So who was honored as a guest speaker at the AIPAC celebrations on May 23? Why, the US Secretary of State, who restated enthusiastically that “Israel has no greater friend and no stronger supporter than the United States of America.” (Applause.) Then she went on to say that “. . . . the Government of Iran . . . is the world’s leading sponsor of terrorism. (Applause.) The United States has focused the world’s attention on Iran’s pursuit of weapons of mass destruction. And along with our allies, we are working to gain full disclosure of Iran’s efforts to obtain nuclear weapons. The world must not tolerate any Iranian attempt to develop a nuclear weapon. (Applause.) Nor can it tolerate Iran’s efforts to subvert democratic governments through terrorism. (Applause.)”

The Washington Post recorded that “during the pro-Israel lobby’s annual conference yesterday, a fleet of police cars, sirens wailing, blocked intersections and formed a motorcade to escort buses carrying its conventioneers — to lunch”. It is obvious that AIPAC has massive influence in Washington, and lots of friends in the State Department and the Pentagon. It is interesting that a foreign political lobby group of which two (former) senior staff members have been charged with spying on America can order Washington officials to block off roads for their lunchtime convenience.

Israel is the country for which the US Secretary of State declares she has a “deep affinity”. Given this blatant partiality, it is impossible to believe for one instant that Palestinians will get a fair deal from Bush-Cheney-Rice. And the signal she sent to Israel and the world about Iran was stark and brutal. In her speech, Rice declared Iran to be “the world’s leading sponsor of terrorism . . . .” and that “[it is developing] weapons of mass destruction . . .” (Where have we heard this before? The alarm bells are ringing around the world.)

The writing is on the wall for Iran, and Rice chose a meeting of 5000 cheering supporters of Israel to announce the fact, as did the farcical and financially intriguing Richard Perle who got “cheers from the crowd when he favored a military raid on Iran, saying that ‘if Iran is on the verge of a nuclear weapon, I think we will have no choice but to take decisive action’.” Don’t you love that “We”?

Just who is ‘We’ to Perle and AIPAC and Rice? America? Or America and Israel? Or Israel? Where does their loyalty lie?

Perhaps it would help to understand Ms Rice were she able to express herself coherently in her unrehearsed public statements. Take the interview in Moscow when she was asked if she would run for president of the US. She replied “da, da”, which means yes, yes. Then she realized she had meant ‘No’ rather than ‘Yes’, so fired off seven ‘nyets’. You might think that someone who has been declared the most important person in the universe (or something) by Forbes Magazine might be able to differentiate between ‘da’ and ‘nyet’ even if they weren’t experts on Russia. But we shouldn’t really be surprised, because in Bush Heaven, in which Rice is an angelic exemplar of unconditional loyalty, ‘Yes’ can mean ‘No’ whenever it is convenient for that to apply.

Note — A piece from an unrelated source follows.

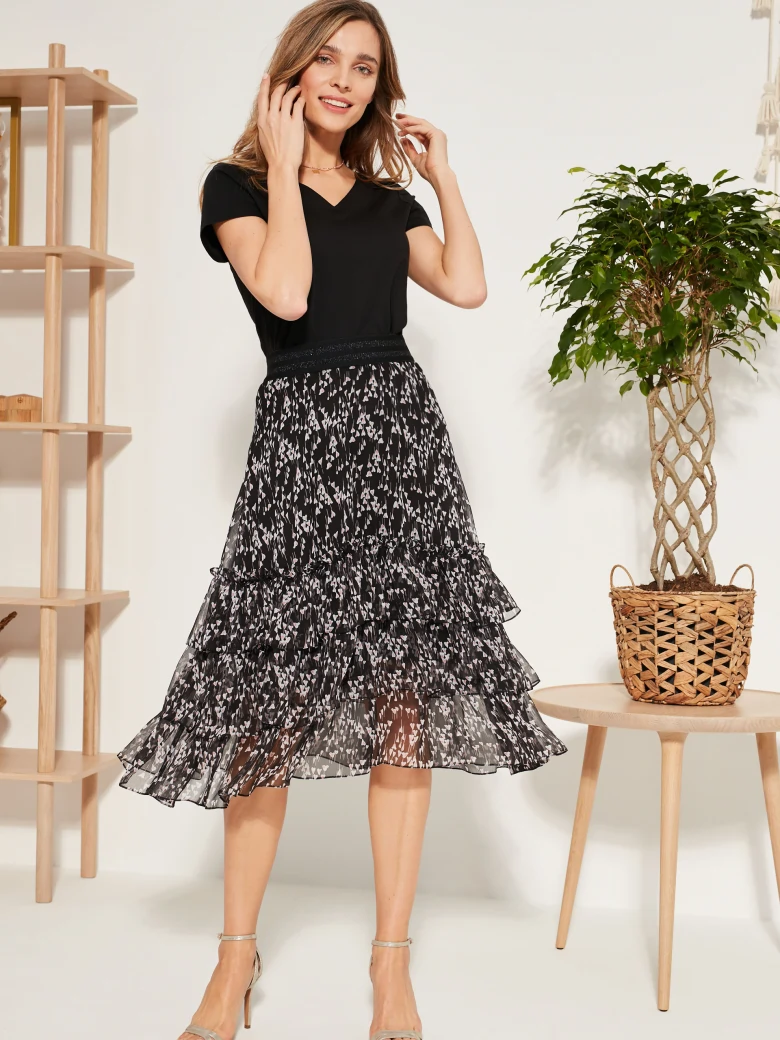 ETHEREAL SKIRT WITH FINE PATTERN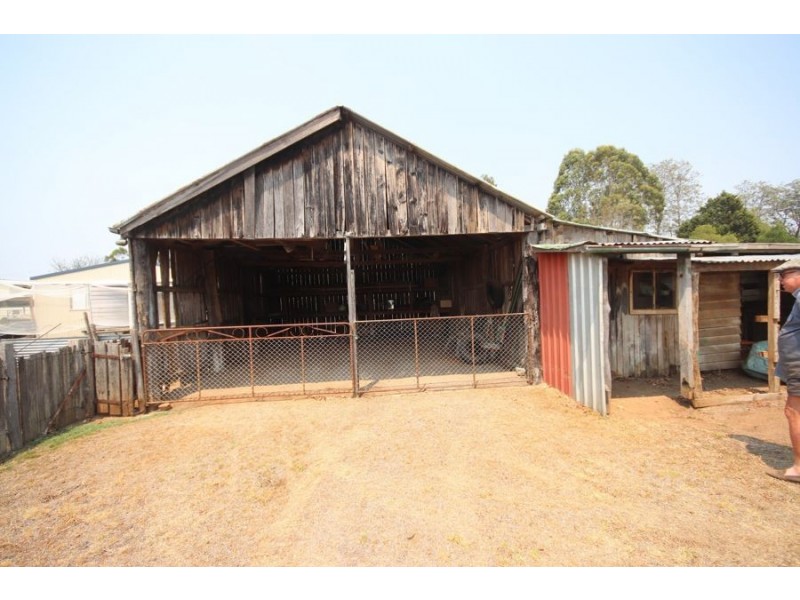 15 Grace St, Crows Nest QLD 4355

Rice is even less coherent when talking about Iraq. Try as one might, it is difficult to understand just what line she espouses about that unfortunate country that Rumsfeld, Cheney and Bush have wrecked beyond repair. On one of the days on which she should have been at the ASEAN conference she appeared on The NewsHour with Tim Lehrer and threw darkness on US policy and the Rice approach to women’s rights in Iraq. The exchange was fascinating :

Lehrer : In a general way, though, is it conceivable that the United States, in the interest of bowing out and letting the Iraqi people have their way, you may have to swallow a constitution that, whatever it is, has to do with rights of women or whatever, has some things in it that go against the grain of the United States? [Not that this is well-expressed, but we get the general idea.]

Rice : Well, we are going to stand for the principles that we’re standing for around the world, and most especially in Iraq, where America has sacrificed and sacrificed lives and treasure. And so, of course, we’re going to stand and stand strongly for the rights of women. We’re making that very clear to the Iraqi Government. But again, if the Iraqis themselves, who want to live in a society in which there are — in which citizens of both male and female and where they recognize that the trend in the world is not to move away from women’s rights but to move in the other direction. [End.]

This pathetic gibberish was spouted by the Secretary of State of the United States of America who chose to be interviewed on a news program rather than attend Asia’s most important gathering. (The Asians didn’t miss much, obviously.) She capped her grotesque performance by stating on August 8 that “It’s a lot easier to see the violence and suicide bombing [in Iraq] than to see the rather quiet political progress that’s going on in parallel”, which was a comment of mind-boggling absurdity.

Condoleezza Rice says she doesn’t want to be president, but she will want some sort of job when she leaves the State Department. So here’s an idea for her : there is a high-powered organization called the International Crisis Group, whose experts round the world produce excellent analyses of critical areas. It “works through field-based analysis and high-level advocacy to prevent and resolve deadly conflict.”

They might employ Rice as a clerk, if she asked nicely.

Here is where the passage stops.